If a complaint is escalated to AFCA, the FSP must stay any enforcement proceedings until the matter is closed. A case manager will be appointed and will try to gather more information about the dispute from both sides. If necessary, a conciliation conference will be set up for the parties to try to resolve their dispute.
If no settlement is reached, the matter will be referred to the ombudsman, who will make a determination that is binding on the FSP but not on the consumer; if not satisfied, the latter can escalate the matter to litigation. As stated in AFCA’s Complaint Resolution Scheme Rules (Rules):
‘If a Complainant does not accept a Determination, the Complainant is not bound by the Determination and may bring an action in the courts or take any other available action against the Financial Firm’.[13]
Support for vulnerable consumers
The Act requires AFCA to be ‘appropriately accessible’ and ‘fair, efficient, timely and independent’,[14] as well as accountable and effective.[15] This is reflected in its Rules.[16] This ongoing requirement is especially important for vulnerable consumers, including First Nations consumers, as AFCA may be the only practical legal option they can exercise.

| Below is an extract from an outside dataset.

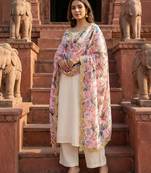 Printed georgette silk multi sequnce lace work dupatta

AFCA’s rules and processes appear to have the purpose of supporting vulnerable and disadvantaged consumers. The Rules contain the principle that AFCA should ‘have appropriate expertise and resources to consider complaints submitted to it’.[17] This could be interpreted as a requirement for AFCA to have culturally appropriate practices for considering complaints.
Benefits of AFCA
Here are some of the benefits to First Nations consumers of using AFCA as their complaints mechanism:
• There is no cost to the complainant.
• The ombudsman has specialised knowledge of financial issues.

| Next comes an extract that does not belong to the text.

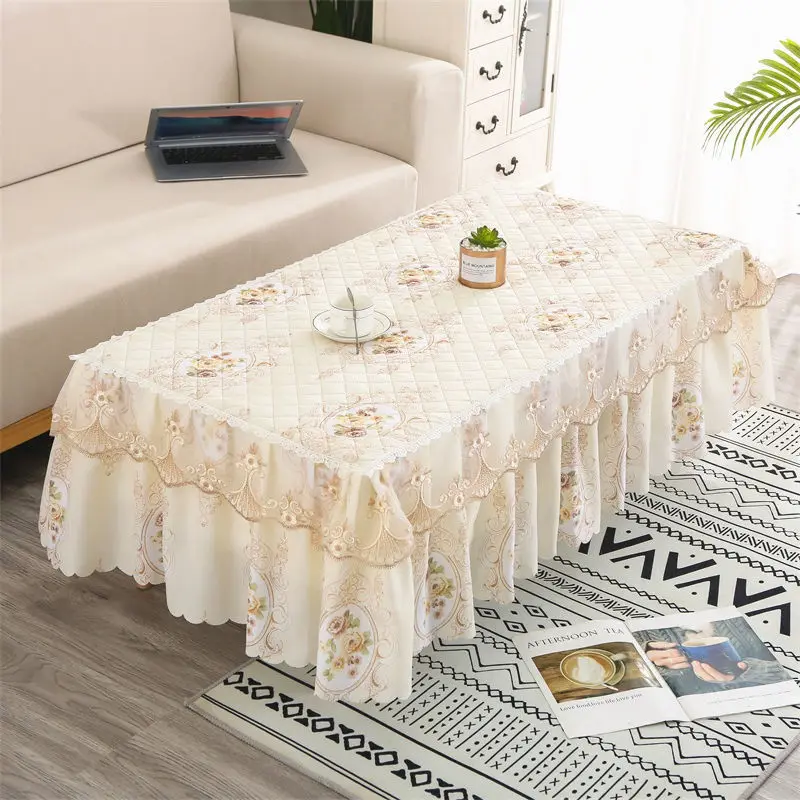 

European-style Cloth Lace Coffee Table Cloth Rectangular Table Cloth Living Room Dining Table Full Package Dustproof Home Decor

• There are incentives for FSPs to negotiate to prevent further AFCA dispute costs.
• AFCA publishes its approaches to legal and financial issues to give the public a better idea of their prospects.
• This is a simpler and shorter decision-making process than litigation.

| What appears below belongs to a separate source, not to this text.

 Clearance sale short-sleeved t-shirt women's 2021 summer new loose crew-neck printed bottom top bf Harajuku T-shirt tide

• Determinations are shorter and easier to understand than judgments.
• Determinations are public, and name the relevant FSP.[18]
• AFCA has a ‘fairness and reasonableness’ jurisdiction, which gives it greater flexibility.
• There are no formal rules of evidence.
• AFCA has published its approaches to a number of different FSP issues to help guide complainants in simple terms on how it will make its decision.[19]
Limitations of ACFA’s services
However, there are constraints on the services AFCA can provide. Clients need to be guided on the following limitations of AFCA as a complaint mechanism:
• AFCA is not a court or a tribunal, and its jurisdiction is restricted by the rules governing what it can and cannot hear.[20]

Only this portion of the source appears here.